A specific prognosis for those with paraneoplastic syndromes links to each unique case presented. Thus, prognosis for paraneoplastic syndromes may vary greatly. For example, paraneoplastic pemphigus often included infection as a major cause of death. Paraneoplastic pemphigus is one of the three major subtypes that affects IgG autoantibodies that are characteristically raised against desmoglein 1 and desmoglein 3 (which are cell-cell adhesion molecules found in desmosomes). Underlying cancer or irreversible system impairment, seen in acute heart failure or kidney failure, may result in death as well.

== Research directions ==
Prostate cancer is the second most common urological malignancy to be associated with paraneoplastic syndromes after renal cell carcinoma. Paraneoplastic syndromes of this nature tend to occur in the setting of late stage and aggressive tumors with poor overall outcomes (endocrine manifestations, neurological entities, dermatological conditions, and other syndromes). A vast majority of prostate cancer cases (over 70%) document paraneoplastic syndrome as a major clinical manifestation of prostate cancer; and (under 20%), the syndrome as an initial sign of disease progression to the castrate-resistant state. Urologist researchers identify serum markers that are associated with the syndrome in order to specific what type of therapies may work most effectively.
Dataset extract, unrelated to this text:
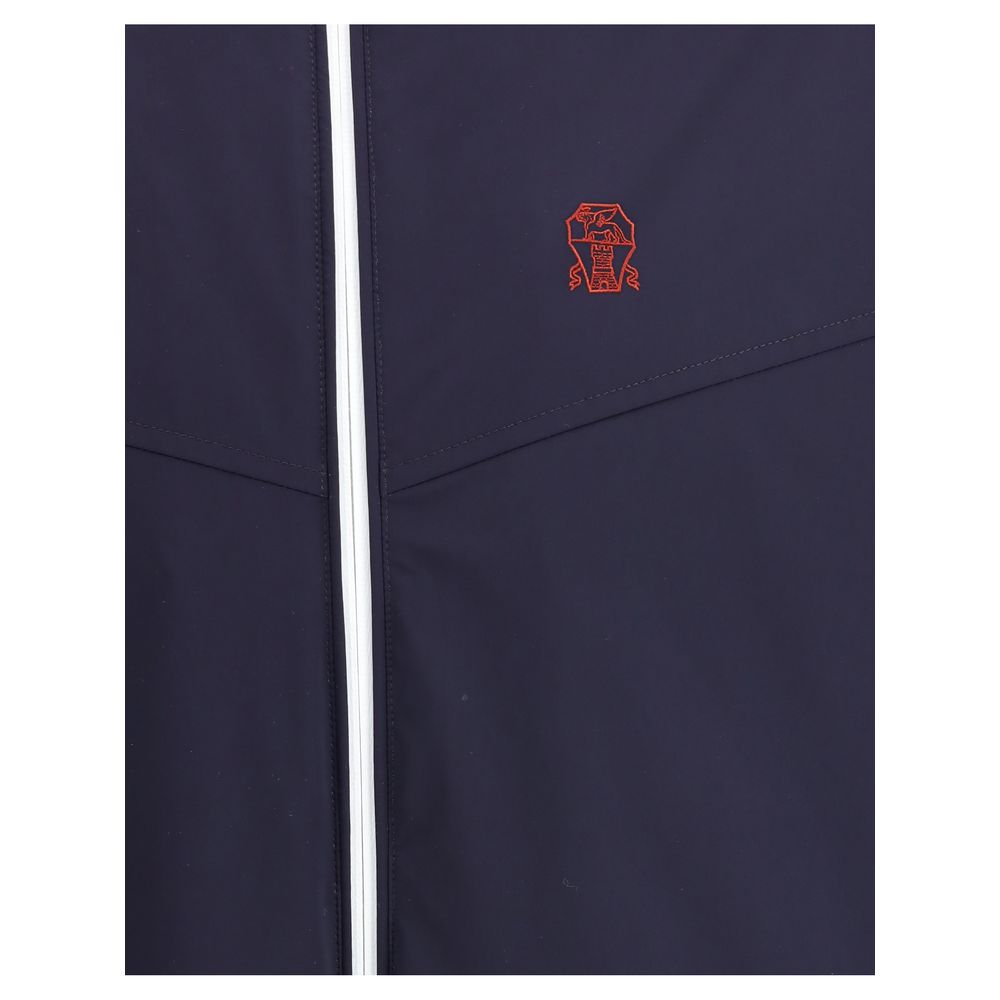 Hooded Windbreaker Jacket by Brunello Cucinelli for men in stretch polyamide blue presents a resilient silhouette, artfully detailed with a sophisticated and functional water-resistant, pockets, hooded & windproof for a resilient finish.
Paraneoplastic neurological syndromes may be related immune checkpoint inhibitors (ICIs), one of the underlying causes in inflammatory central nervous system diseases (CNS). The central idea around such research pinpoints treatment strategies to combat cancer related outcomes in the clinical arena, specifically ICIs. Research suggests that patients who are treated with ICIs are more susceptible to CNS disease (since the mechanism of ICIs induces adverse effects on the CNS due to augmented immune responses and neurotoxicity). The purpose of this exploration was to shed light on immunotherapies and distinguishing between neurotoxicity and brain metastasis in the early stages of treatment. In other research, scientists have found that paraneoplastic peripheral nerve disorders (autoantibodies linked to multifocal motor neuropathy) may provide important clinical manifestations. This is especially important for patients who experience inflammatory neuropathies since solid tumors are often associated with peripheral nerve disorders. CV2 autoantibodies, which target dihydropyriminase-related protein 5 (DRP5, or CRMP5) are also associated with a variety of paraneoplastic neurological syndromes, including sensorimotor polyneuropathies. Patients undergoing immune therapies or tumor removal respond very well to antibodies that target CASPR2 (to treat nerve hyperexcitability and neuromyotonia).